Bookmarks can be used on certain collectors to set a dynamic value each time the collector runs. A field from the collector source will need to be selected to be associated with the Bookmark function. For example, ‘WHENMODIFIED’ is a field in the Sage Intacct GL Detail object that can be used as a Bookmark:

Once the Bookmark Field is set, every collection will save the value based on the latest run time. In the example above, the Bookmark is stored as a 'WHENMODIFIED' date of '05/17/2022 04:22:10'. The next time the Collector runs, it will only pull values with a different value, and then will update the Current Value field dynamically.

Other Notes about Bookmarks:

Most commonly set as date fields, the Bookmark Field can also be a non-date field.
Filters on the collector can still be applied, so even though a Bookmark may be set, if a filter is present it will still only collect data with both the Bookmark value and filters in mind.
- To accomplish this consolidation in the query, your FROM section will need to leverage ‘All Streams’. This will also carry a risk that if the bookmark’s ‘Current Value’ is cleared or the bookmark is removed, the same data can be included into a new stream and therefore overstate the dataset that is being used in the query.
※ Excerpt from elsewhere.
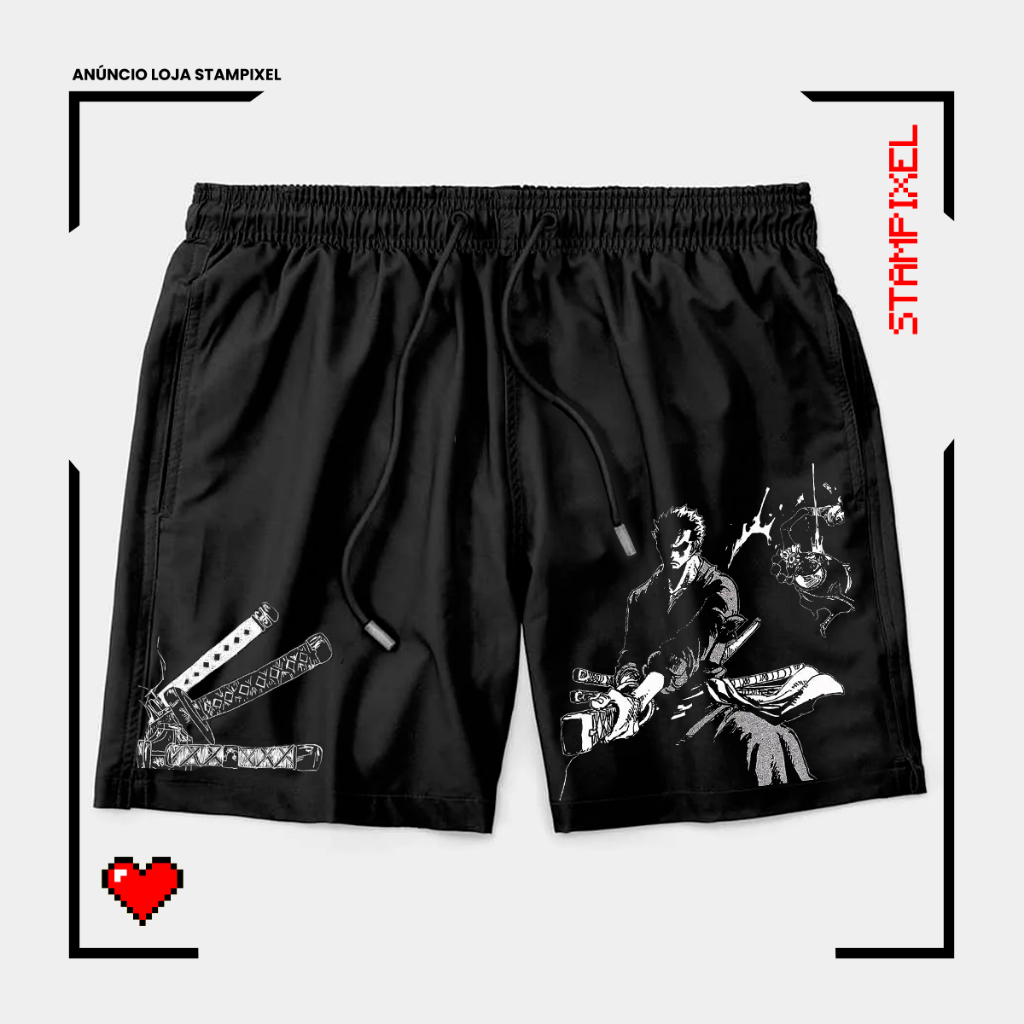 Bermuda Tactel Zoro One Piece Katanas Santoryu Short De Anime Confortável Com Elastano Ideal Lazer Treino Esportes Praia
It is important to be mindful of which collectors and queries are relying on the bookmark functionality and avoid modifying the bookmark while in use. To reset the bookmarked data, make sure to clear the ‘Current Value’ and also purge all streams or create a new Schema so that you’re starting from an empty dataset.
  
  Data gets collected into a new stream even when Bookmarks are present, the data does not automatically consolidate into one stream. Consolidation would need to be done in a query.

Details

The details section documents who the Collector was created and updated by and the corresponding times. This allows for easy tracking of multiple Collectors.

Latest Collection

The latest collection section documents the state of the collector, created time, and the status of the query. States include complete and error.

Collections

The Collections section documents when the Collector was created, started, completed and the total amount of data scanned. The status includes information regarding the state of the Collector. This allows for easy tracking of multiple collections.

Upload History

File uploads will be run as jobs in the background. The number of records processed or any error encountered will be displayed in the Uploads history table.